Para Ades no hay dilemas (en los que cada elección tiene aparejados beneficios y costos ineludibles), la política no es problemática, está todo bien de un lado. El cirujano es activo y la sociedad (enferma) es pasiva. El cirujano posee la verdad, la sociedad se beneficia de su ignorancia , no se discuten las decisiones que el cirujano toma para su propio bien. Esta metáfora es prácticamente la única del texto. Sin embargo, tanto la experiencia histórica como la literatura que la estudia, señalan que el dilema (trade-off) entre concentrar capacidad decisoria (facilita la decisión, pero es arduo estabilizar los cambios y es imposible que la institucionalidad se fortalezca pari passu con las reformas) y negociar (es más difícil decidir, las reformas se pueden empantanar, pero una vez concretadas son más sostenibles, y las instituciones tienen un juego que permite valorizarlas en términos de credibilidad y confianza) merecería mucha atención. Las reformas establecidas con mano de hierro y drásticamente y de arriba abajo son quizás más factibles de establecer (en contextos de implementación signados por una crisis o una oportunidad, como la de una victoria electoral arrolladora), pero en lugar de trazar líneas de no retorno, es más factible que sean revertidas, es decir, que pierdan sostenibilidad. Afectadas por una brecha de credibilidad, se produce una retroalimentación negativa (si los actores involucrados dudan de su sostenibilidad, es menos probable que las reformas se sostengan: las famosas profecías autocumplidas).

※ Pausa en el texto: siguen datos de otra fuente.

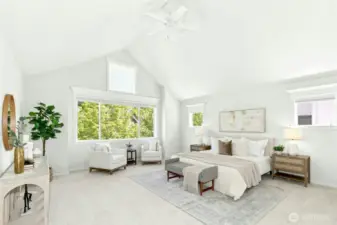 (sigh) Take a moment to apapreciate the volume and height of this primary suite. Millwork, windows and a ceiling fan are each worth a pause as you take it all in.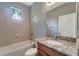 Bathroom with tub, granite countertop, and gray walls at 1174 S Mcduff St, North Port, FL 34288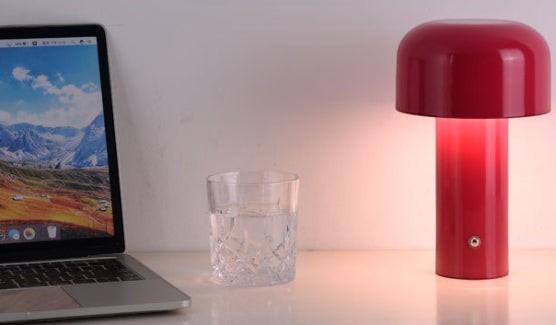 Lampe de table champignon Lumeoo rouge tactile avec lumière douce sur un bureau près d'un ordinateur portable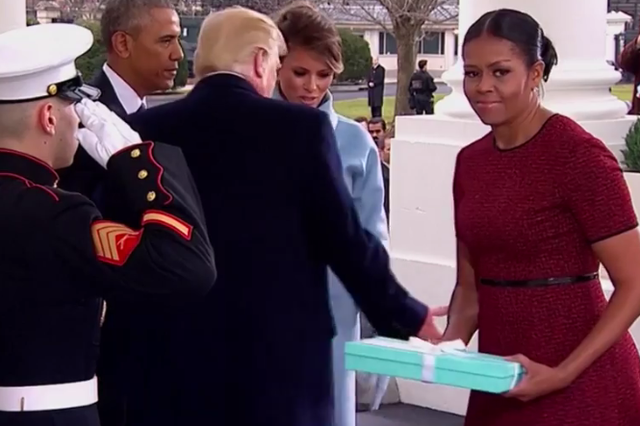 Ms Obama looks around for somewhere to put the ribbon-wrapped box, before shooting a swift look of desperation at the camera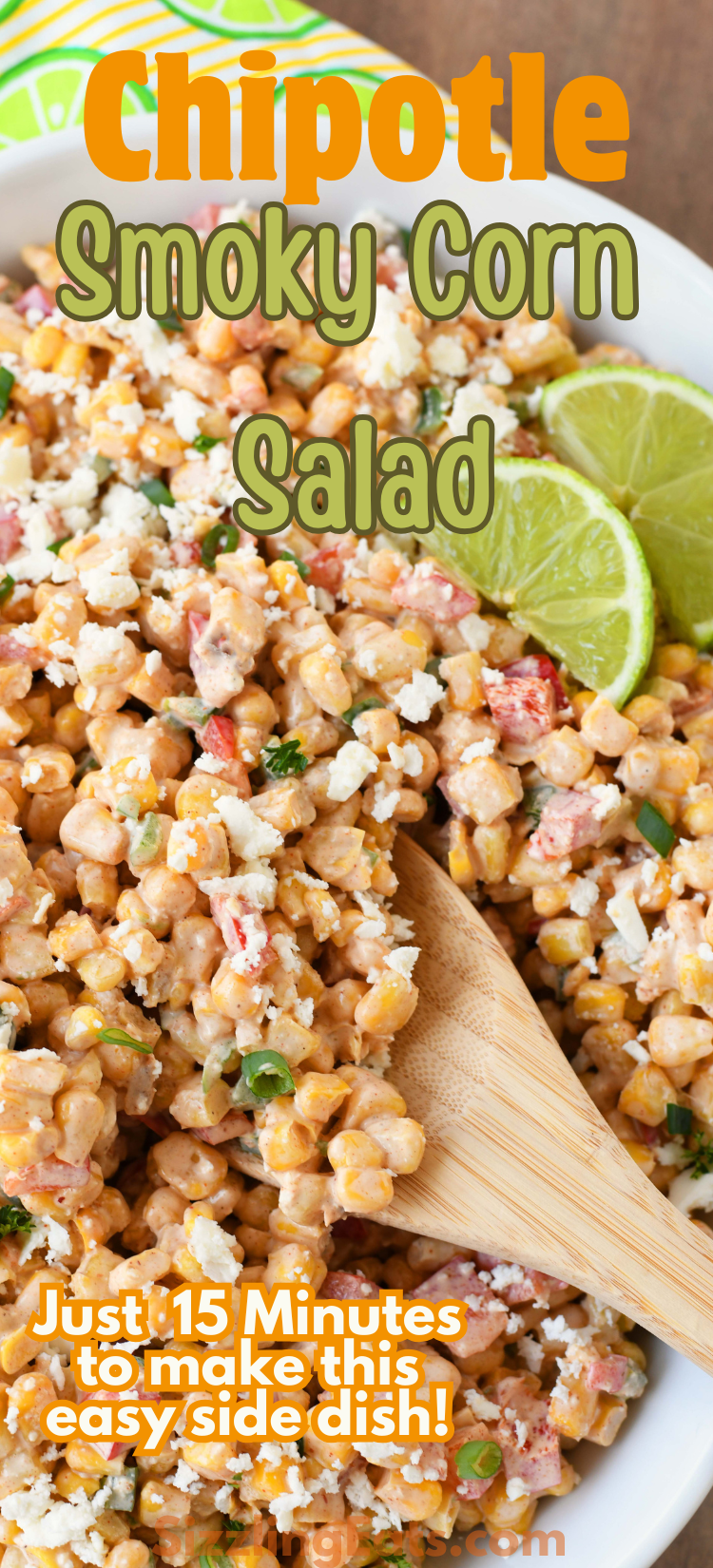 Chipotle Smoky Corn Salad with a wooden spoon and lime. Image contains text that reads: Chipotle Smoky Corn Salad.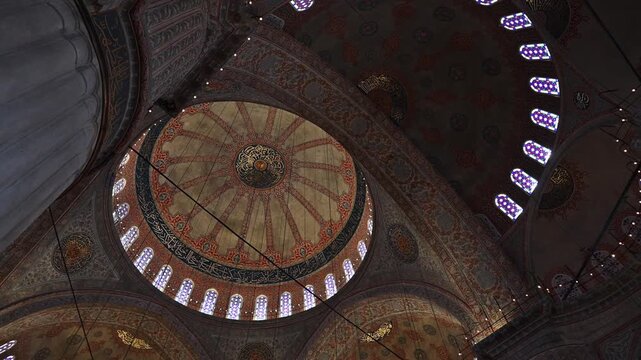 Bottom view of aged mosque dome inside. View from below on the ceiling of the mosque, camera pans and circles across the ceiling.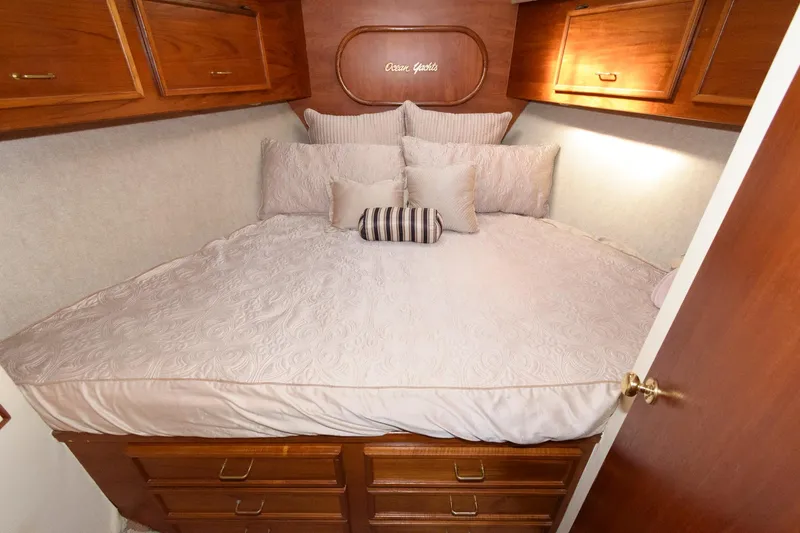 Slide: The Image of 1985 Ocean Yachts 46 Aft Cabin Motor Yacht bedroom with cozy bedding and wooden cabinetry. - 22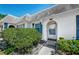 Charming home featuring a white exterior, arched doorway and blue shutters surrounded by mature landscaping at 4242 Sheldon Pl, New Port Richey, FL 34652
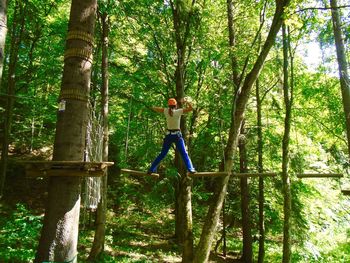 Woman walking on hanging logs in forest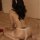 Woman wearing mannye qing feathered backless thong bodysuit with bow detail, seated on bed in seductive wife style outfit.
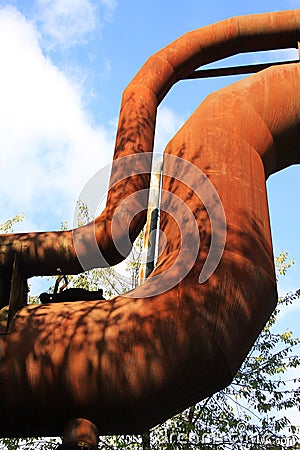 Landschaftspark Duisburg, Germany: Low angle view on isolated curved corroded pipeline against blue sky and trees Editorial Stock Photo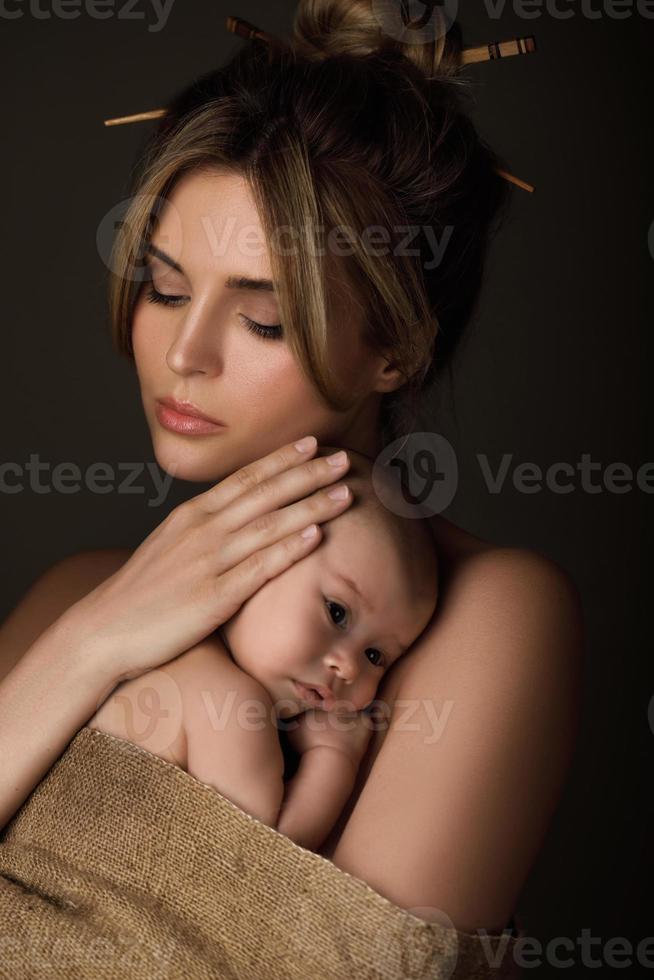 bellissimo madre e sua poco bambino siamo avvolto nel tela di sacco foto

Por fin, Ades se desentiende por completo de los efectos de largo plazo que el decisionismo de alta intensidad puede tener sobre el régimen político. Si la gestión del actual gobierno fracasa, la tendencia dominante, lamentablemente, no sería la de endilgar la responsabilidad por el fracaso a la forma de gestión política elegida. Nótese que esto, en cambio, sí fue lo que sucedió con Macri: hasta el propio Mauricio ejerció su “autocrítica” en lo que se refiere a la gestión, que habría sido demasiado inclinada a la búsqueda de acuerdos y gradualista. Pero Milei está sin duda en el otro extremo – y usa la gestión (“asquerosamente gradualista”) de Macri como contraejemplo. De fracasar JM, la responsabilidad no se radicaría en el modo político de gestión; sería cargada en diferentes componentes malditos de nuestro mundo político: las castas (ahora son las castas, en plural, políticas, corporativas, periodísticas, etc.), y en una sociedad o bien corrupta por naturaleza (el peronismo kirchnerista) o bien demasiado quisquillosa. Es que el cirujano habrá tenido las mejores intenciones, sabiendo qué había que hacer, pero la sociedad no lo dejó: la próxima vez habrá que atar más fuertemente las correas y taparle más firmemente la boca. Es decir, la fórmula para gobernar adecuadamente dada la “manera de ser de un pueblo” (estoy citando a Sarmiento) deberá ser todavía más dura. Es más: una buena elección intermedia, seguida de un sacudón macroeconómico podría ser interpretada del mismo modo.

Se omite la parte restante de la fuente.